Por Matheus Pichonelli.

Com (muito) atraso, fui assistir Que Horas Ela Volta?, filme de Anna Muylaert candidato a concorrer ao Oscar de melhor produção estrangeira pelo Brasil. Cheguei com a expectativa na lua após acompanhar, há mais de um mês, os entusiasmos e implicâncias despertados pela obra. Divido, não sei se em tempo, com o leitor minhas impressões.

Em primeiro lugar, é preciso destacar que existe um filme antes e outro depois da chegada de Jéssica, a filha da faxineira que vai a São Paulo prestar vestibular e é (mal) acolhida na casa dos patrões da mãe, que mora e trabalha no local.

Até ali, o filme parece caminhar entre ruídos. Um deles é o incômodo por ouvir o sotaque nordestino de uma atriz nascida no Rio de Janeiro. Outro, com uma certa indefinição do papel da personagem na história: atriz popular, Regina Casé ganha a simpatia do público com um jeito meio atabalhoado, entre servil e reclamona. Com a chegada da filha a São Paulo, sua personagem torna-se apenas servil aos patrões, de quem parece tomar partido toda vez que a filha ameaça embaralhar a ordem daquela casa (volto a esse ponto depois). Por fim, a construção da distância entre mãe e filha soa como um furo do próprio roteiro. Sua reconstrução, vale dizer, é o ponto alto da história.

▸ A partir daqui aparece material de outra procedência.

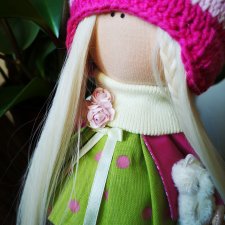 Яркая текстильная кукла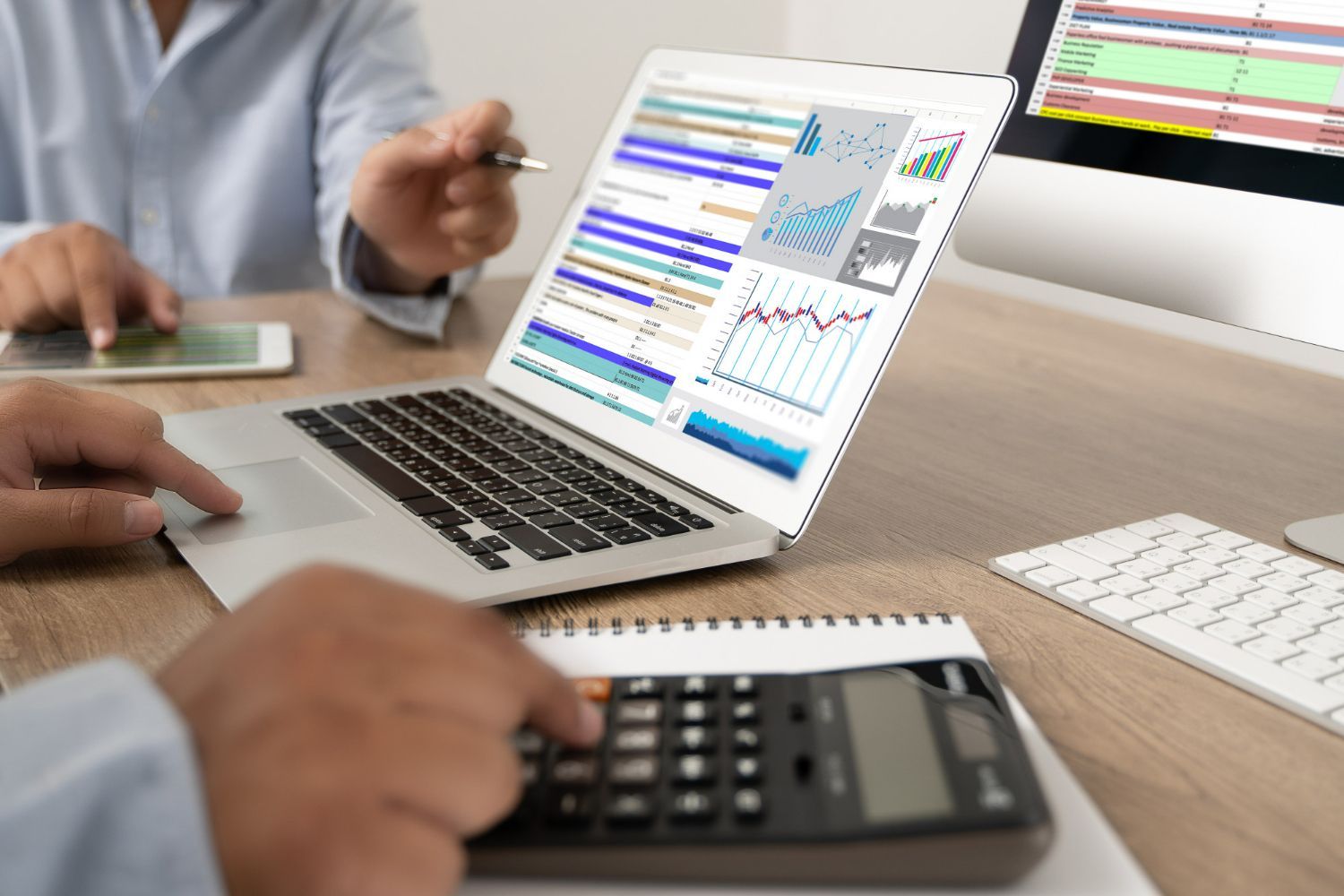 Accounting Software Showdown: QuickBooks, Xero, or Sage for Ontario SMEs?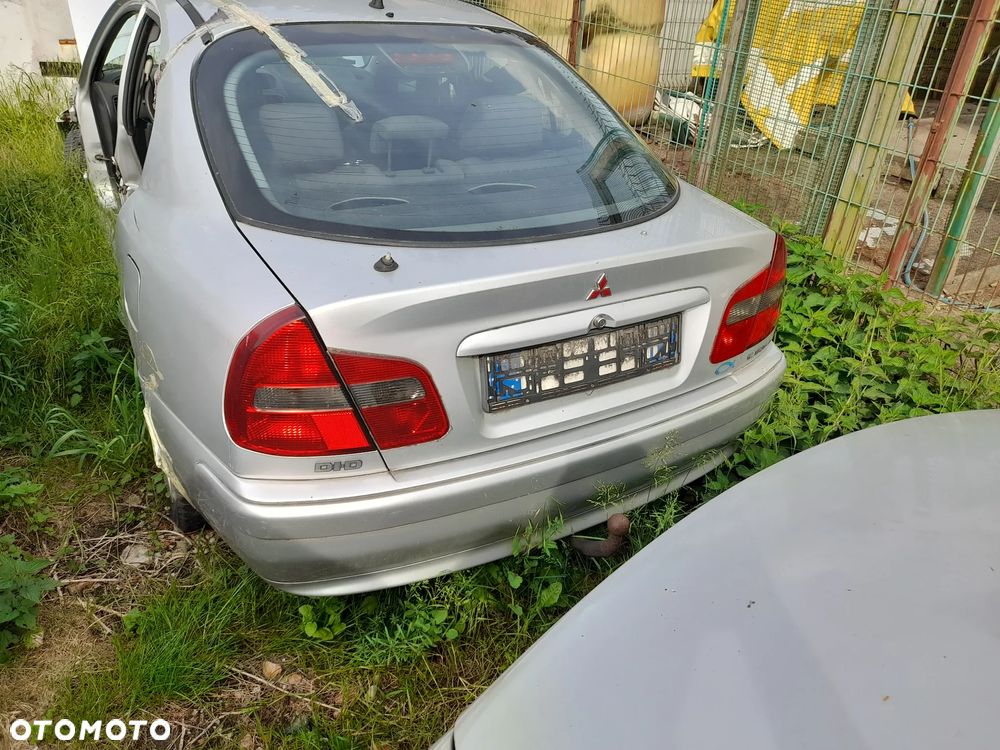 Lampa lewa prawa Mitsubishi CAISMA Lift - 1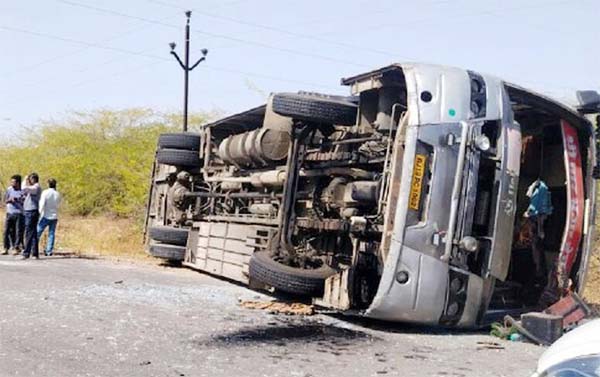  तेज रफ्तार बस बेकाबू होकर पलटी, 14 यात्री घायल, मौके पर मची चीख-पुकार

Mais: o roteiro parece ignorar uma ferramentas de comunicação que, desde o início da década, encurtou e deu rosto a pessoas distantes. Chama-se internet. Pois Val não reconhece a filha quando ela chega ao aeroporto. E a filha descobre surpresa, já a caminho da casa dos patrões, que a mãe morava no trabalho. Em tanto tempo, ela nunca teve curiosidade de saber como, e com quem, a mãe morava? Não parece ser um detalhe a ser ignorado.

Na descoberta, fica exposto um princípio de embate entre uma personagem que incorpora a servidão como um princípio naturalizado e outra que se rebela não apenas com a sua imposição, mas com a passividade da mãe em relação a ela.

piscina

Mãe e filha se desconhecem e o estranhamento entre elas é construído por caminhos aparentemente tão forçados quanto um carioca falando como pernambucano. A escolha parece ser uma oportunidade perdida da diretora de escancarar ainda mais uma assimetria histórica. Os serviçais de sua história são brancos, e o componente racial das relações patrão-empregado passa longe de uma abordagem sobre servidão.